Teve de conter-se para não
soltar um palavrão. Essa D. Arminda andava cada vez mais maluca. Também não
saía da sessão de espírita, a conversar com defuntos. Contara-lhe ter o velho
Ramiro aparecendo na tenda de Deodoro e pronunciado comovente discurso
perdoando todos os seus inimigos, a começar por Mundinho Falcão. Diabo de velha
destramelada…
Agora não passava um dia
sem lhe tocar no assunto, porque não tomava Gabriela de cozinheira? Como se
isso fosse coisa que se propusesse…
Ele se refizera, é
verdade, tanto que podia ouvir D. Arminda falar de Gabriela, louvar-lhe o
comportamento e a dedicação ao trabalho. Costurava dia e noite, pregando forro
em vestido, abrindo casa para botões, alinhavando blusas, numa trabalheira
difícil, pois – ela mesmo dizia – não nascera para a agulha e, sim, para o
fogão.
Decidira, no entanto, não
cozinhar para mais ninguém a não ser para Nacib. Apesar das ofertas a chover de
todos os lados. Para cozinhar e para amigação, cada qual mais tentadora. Nacib
ouvia D. Arminda, quase indiferente, apenas levemente orgulhoso dessa fidelidade
tardia de Gabriela. Encolhia os ombros, entrava em casa.
Estava curado, conseguira
esquecê-la, não a cozinheira, a mulher. Quando se recordava das noites passadas
com ela, era com a mesma saudade mansa que relembrava a sabedoria de Risoleta,
as pernas altas de Regina, uma de antes, os beijos roubados à prima Munira
numas férias em Itabuna.
Sem dor profunda no peito,
sem ódio. Sem amor. Suspirava ainda mais pela cozinheira inigualável, suas
moquecas, os xins-xins, as carnes assadas, os lombos, as cabidelas.
Refizera-se do golpe, mas
à custa de dinheiro. Durante semanas frequentara cada noite o cabaré, jogando
roleta e bacará, pagando champanhe para Rosalinda.
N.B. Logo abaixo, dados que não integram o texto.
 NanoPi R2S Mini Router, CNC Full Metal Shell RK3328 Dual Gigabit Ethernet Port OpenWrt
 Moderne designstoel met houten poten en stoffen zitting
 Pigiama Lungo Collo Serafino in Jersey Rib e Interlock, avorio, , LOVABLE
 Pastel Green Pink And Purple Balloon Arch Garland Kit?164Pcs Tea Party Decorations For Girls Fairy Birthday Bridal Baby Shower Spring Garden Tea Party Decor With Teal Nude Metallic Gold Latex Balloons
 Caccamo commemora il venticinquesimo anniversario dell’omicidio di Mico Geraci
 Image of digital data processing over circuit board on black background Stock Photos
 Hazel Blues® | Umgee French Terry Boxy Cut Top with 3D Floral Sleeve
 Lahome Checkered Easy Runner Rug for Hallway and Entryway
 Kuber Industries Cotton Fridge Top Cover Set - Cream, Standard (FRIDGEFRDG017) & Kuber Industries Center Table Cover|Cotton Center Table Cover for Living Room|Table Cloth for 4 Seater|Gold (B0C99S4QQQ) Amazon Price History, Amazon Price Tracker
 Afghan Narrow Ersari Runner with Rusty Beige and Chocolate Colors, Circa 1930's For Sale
Essa loira interesseira
arrancava-lhe notas de qui nhentos
mil réis como se fosse um coronel do cacau a sustentar rapariga e não seu xodó
no leito pago por Manuel das Onças.
Nunca vira xodó daquele
tipo, estava era bancando o besta. Ao dar balanço em seus negócios teve uma
ideia exacta do dinheiro gasto com ela, dos desperdícios a que se entregara.
Terminou por largá-la,
seduzido por amazonense pequena, uma índia chamada Mara. Conqui sta menos espectacular, mais modesta,
contentando-se com a cerveja e alguns presentes. Mas como a índia não tinha
proprietário fixo, fazia a vida em casa de Machadão, nem toda a noite estava
livre e ele terminava afogando suas mágoas em veias e pagodeiras nos cabarés ou
em casas de mulheres, gastando sem conta. Pusera fora um horror de dinheiro.